Each line of the data below between the one containing "PSA 10 Blaziken" and the one containing "Motorola Baby Monitor", both included, is to be repeated exactly. Please omit pictures.
-- Provided data follows --
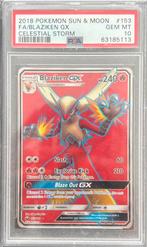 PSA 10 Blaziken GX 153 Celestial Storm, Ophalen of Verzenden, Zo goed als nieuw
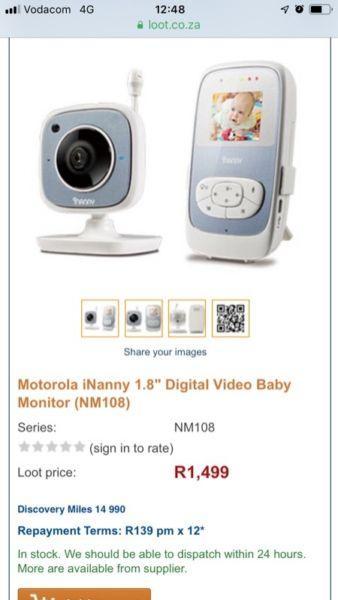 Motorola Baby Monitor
-- Provided data concluded --
-- Provided data follows --
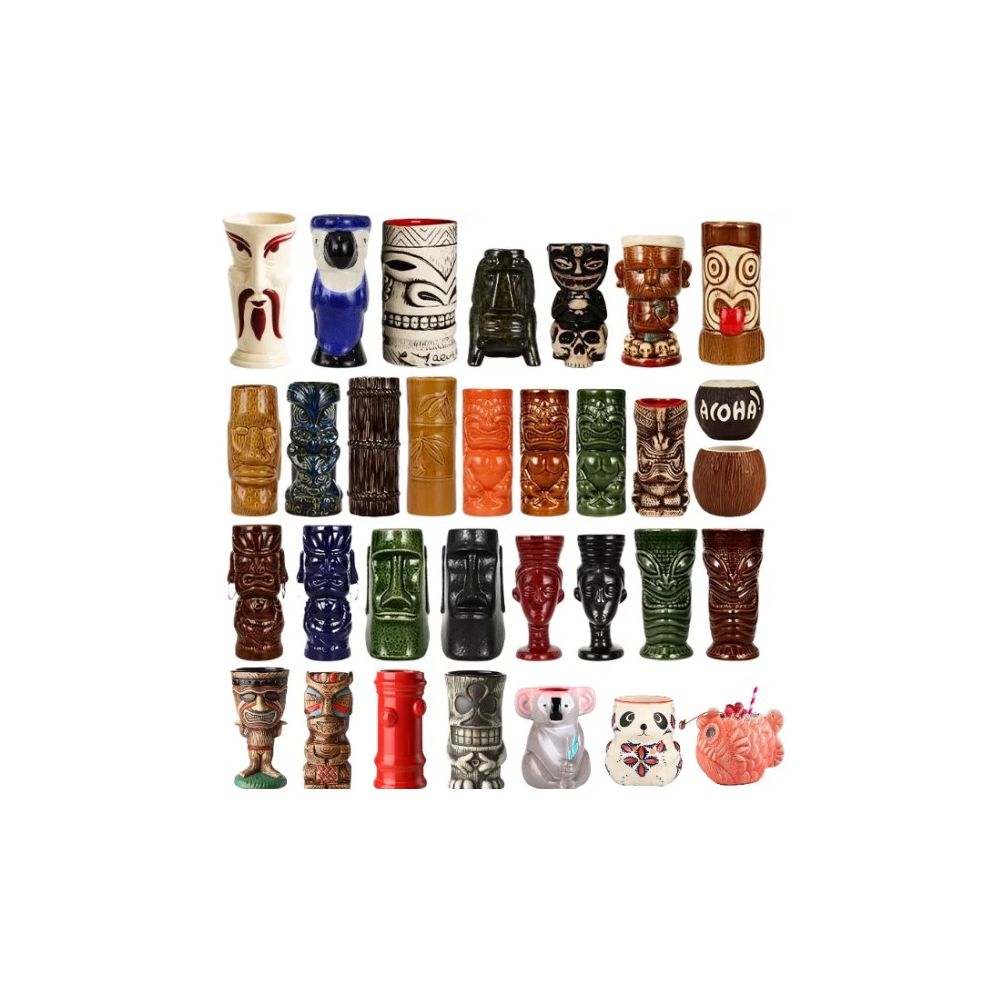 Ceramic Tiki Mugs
-- Provided data concluded --
-- Provided data follows --
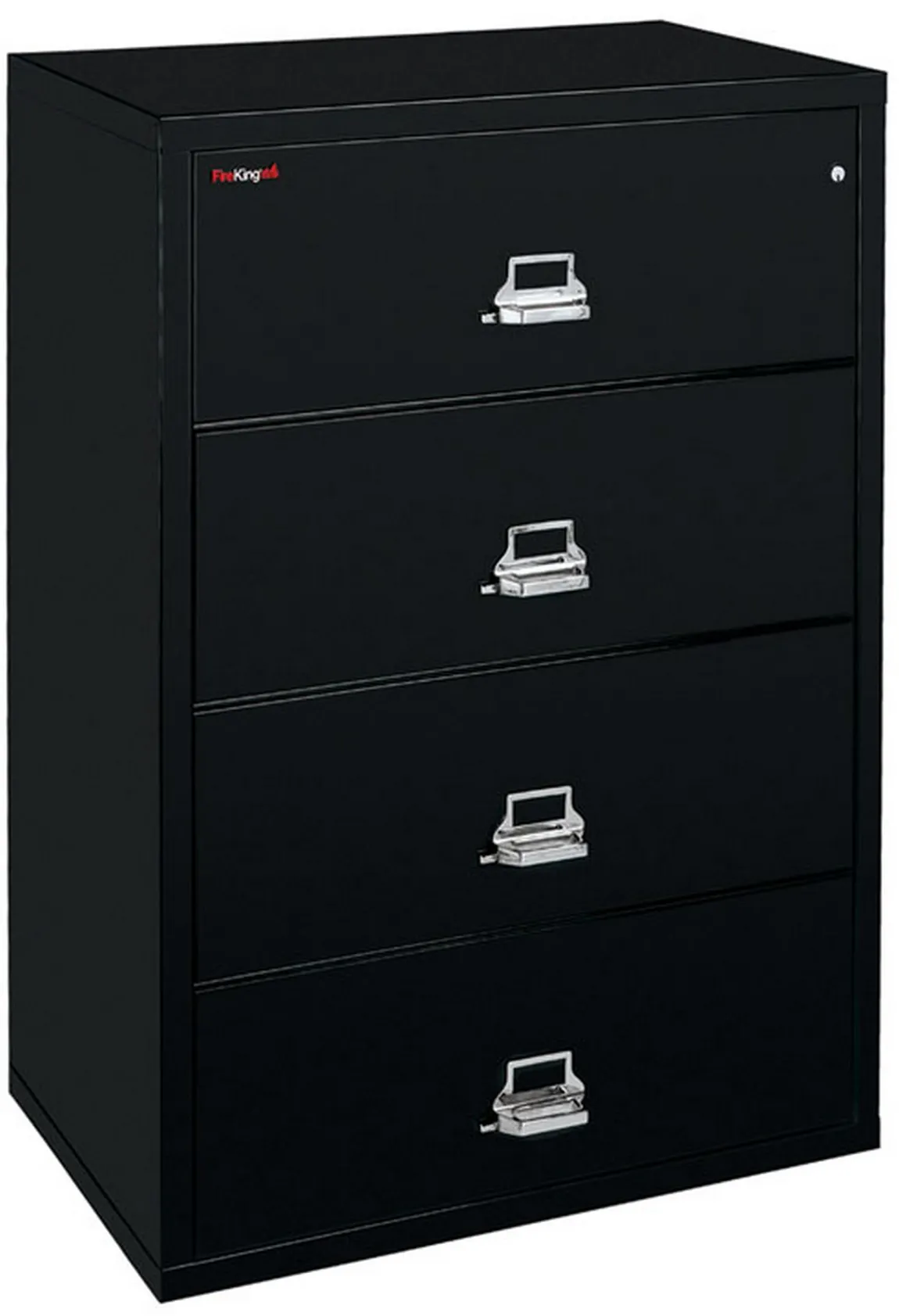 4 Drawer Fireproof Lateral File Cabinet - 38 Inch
-- Provided data concluded --
### Written reply
 PSA 10 Blaziken GX 153 Celestial Storm, Ophalen of Verzenden, Zo goed als nieuw
 Motorola Baby Monitor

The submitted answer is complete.